# Beefs gym, novice strongman comp



## big pete (Mar 23, 2004)

After speaking with the owners of the Gym we have decided to move the date of the competition to Sunday 20 August 2006. Hopefully, this means more of you will be able to come along as I don't beleive it clashes with any other Comps!

The Event will start at 1100hrs, if the competitors can be there for between 1000 - 1015hrs to sign in, have your blood pressure taken (See Below) and get T-Shirt etc.

As a precaution all entrants are asked to give 2 minutes of their time to have their Blood Pressure taken before the event starts to make sure they are in a suitable condition to compete in this event. Its not a big deal but if you have 'dangerously' high blood pressure surely you'd want to know before you're admitted to the local hospsital?

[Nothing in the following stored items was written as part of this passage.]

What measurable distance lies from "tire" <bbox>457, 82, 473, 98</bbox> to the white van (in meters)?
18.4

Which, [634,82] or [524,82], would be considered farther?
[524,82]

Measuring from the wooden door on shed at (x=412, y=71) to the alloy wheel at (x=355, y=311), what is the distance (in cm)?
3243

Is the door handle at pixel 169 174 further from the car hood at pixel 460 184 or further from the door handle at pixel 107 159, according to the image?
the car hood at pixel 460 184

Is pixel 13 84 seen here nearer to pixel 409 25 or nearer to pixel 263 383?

The Events Will be as follows:

Event 1 - Viking Press - 95kg in the hands, Max Reps in 75 Secs

Event 2 - Farmers Walk - 120kg in each hand - 20m

Event 3 - Carry and Flip - 260kg Super Yoke - 15m, 350kg Tyre - 15m

45 minute - 1 Hour Break - Demonstration Events including 2 x possible new World Records or at least World Bests (Don't know if there are these records in place) ?????

Event 4 - Conans Circle - 260kg - Max Turns

Event 5 - Loading Race - To Include:

120kg Log, 125kg Barrell, 100kg Tyre, 110kg Stone, 4 ft platform

There is a bonus point available on this last event to anyone who can also load a 180kg barrell onto a 3ft platform at the end of the loading race!

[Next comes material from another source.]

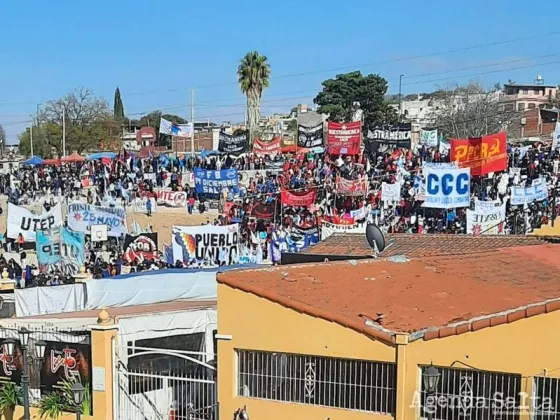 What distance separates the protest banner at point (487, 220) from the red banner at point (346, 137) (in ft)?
35.5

The Entrance forms will be available from Beefs Gym along with further information online from Saturday (30.04.06)

website: www.beefs.moonfruit.com

email: [email protected]


----------



## robdog (Dec 2, 2003)

I rekon you should def have a go peter!!!


----------



## TypeR (May 28, 2004)

This gym is right around the corner from mine, ive had a look around it, were is this event going to be held and can anyone from any gym compete? do you live far from here pete?

Ben


----------



## big pete (Mar 23, 2004)

as far as im aware, itll be held atthe gym itself. and ive asked, but im pretty sure itll be an open event, so everyone from differant gyms are elidgable.

na i live nowhere close lol!!! itd be about a 4hr drive, but worth it though.


----------



## TypeR (May 28, 2004)

i dont get wear at there gym there car park can fit about 6 cars max in it from what i rember.

yeah ill come along to this so spectate hope to see you there then pete! 

Ben


----------



## Carlos901 (Nov 5, 2004)

hope use have a good day, dont forget to take pics


----------



## big pete (Mar 23, 2004)

lol, i might not be in a position to take pics, but my Mrs might be


----------



## Ellis (Mar 18, 2006)

And get here to wear a nice mini skirt and bring some pompoms, lol. It'll help get the test flowing.


----------



## big pete (Mar 23, 2004)

nah, skirts do nothing for my figure.


----------



## big pete (Mar 23, 2004)

oh, sorry you mean sarah.

il see what she says


----------



## Ellis (Mar 18, 2006)

yeah sorry your mrs, lol, sorry but I don't think seeing you in a mini skirt would do anything for me.


----------



## TypeR (May 28, 2004)

anyone going to this today? i should be after i shake of this nasty hangover!

Ben


----------



## DRED (Apr 13, 2006)

TypeR said:


> anyone going to this today? i should be after i shake of this nasty hangover!
> 
> Ben


see you there:lift:


----------



## TypeR (May 28, 2004)

DRED said:


> see you there:lift:


cool mate see you there! is there going to be a lot of eddies/ ex eddies there? 

Ben


----------



## TypeR (May 28, 2004)

how did it go? i couldnt make it in the end!! 

Ben


----------